As Simple as Snow
- Author: Gregory Galloway
- Language: English
- Genre: Young adult fiction, Mystery
- Publisher: Putnam’s
- Publication date: 2005
- Publication place: United States
- Media type: Print Hardcover
- Pages: 320pp
- ISBN: 978-0-399-15231-3

= As Simple as Snow =

2005 novel by Gregory Galloway

As Simple As Snow (2005) is a mystery novel by Gregory Galloway. It tells the story of a high-school aged narrator who meets a Gothic girl, Anna Cayne. Through postcards, a shortwave radio, various mix-CDs, and other erratic interests, Cayne eventually wins the heart of the narrator. However, a week before Valentine's Day, she goes missing, leaving only a dress on the ice and secret codes to help the narrator and the reader find out where she has gone.

==Overview==
In a labyrinth of art, magic, cryptic codes and young love, the author presents a coming-of-age novel that seems designed to puzzle readers of all ages. Moreover, it is an adolescent's quest to unravel the clues his girlfriend may have left behind after her mysterious disappearance.

The young narrator goes unnamed throughout the novel. He disparages himself initially as embarrassingly bland and inexperienced. His new girlfriend Anastasia (Anna) Cayne is instead presented as a complicated high school goth girl with a penchant for riddles and affectionate mind games. Anna spends much of her time creating obituaries for every living person in town and introducing the narrator to a wider landscape of art, music and literature. She is unlike anyone the narrator has ever known and soon finds himself enveloped in a world of Houdini tricks, strange art, covert messages, and ghost stories – although her past remains an even bigger mystery.

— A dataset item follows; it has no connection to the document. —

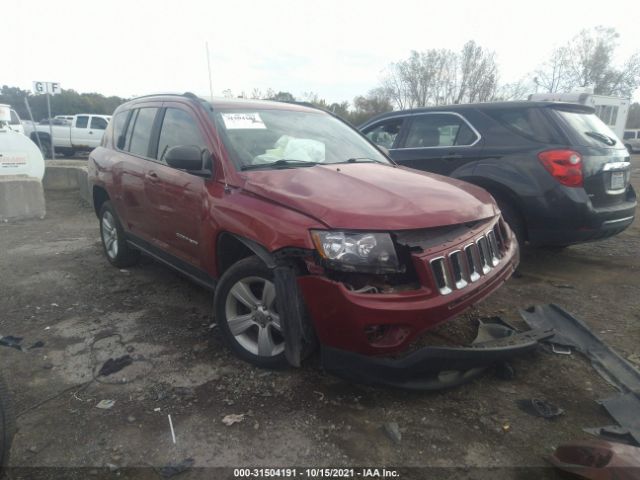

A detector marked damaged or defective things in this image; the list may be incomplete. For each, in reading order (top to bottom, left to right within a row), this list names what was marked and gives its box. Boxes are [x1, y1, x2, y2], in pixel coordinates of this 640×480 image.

cracked headlight [310, 231, 400, 272]
detached bumper piece [322, 318, 552, 390]
damaged front bumper [322, 320, 552, 392]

But a week before Valentine's Day, Anna disappears, leaving behind nothing except a trail of mysterious clues and a string of unanswered questions. Determined to find Anna, the narrator turns amateur detective in order to piece together the elements of the preceding months. Soon the fragments of events, conversations, and letters (and new messages that continue to arrive) coalesce into haunting and surprising revelations about friends, family and especially about Anna Cayne. Perhaps these revelations will solve the puzzle of Anna's disappearance, whether her own invention, or something more sinister.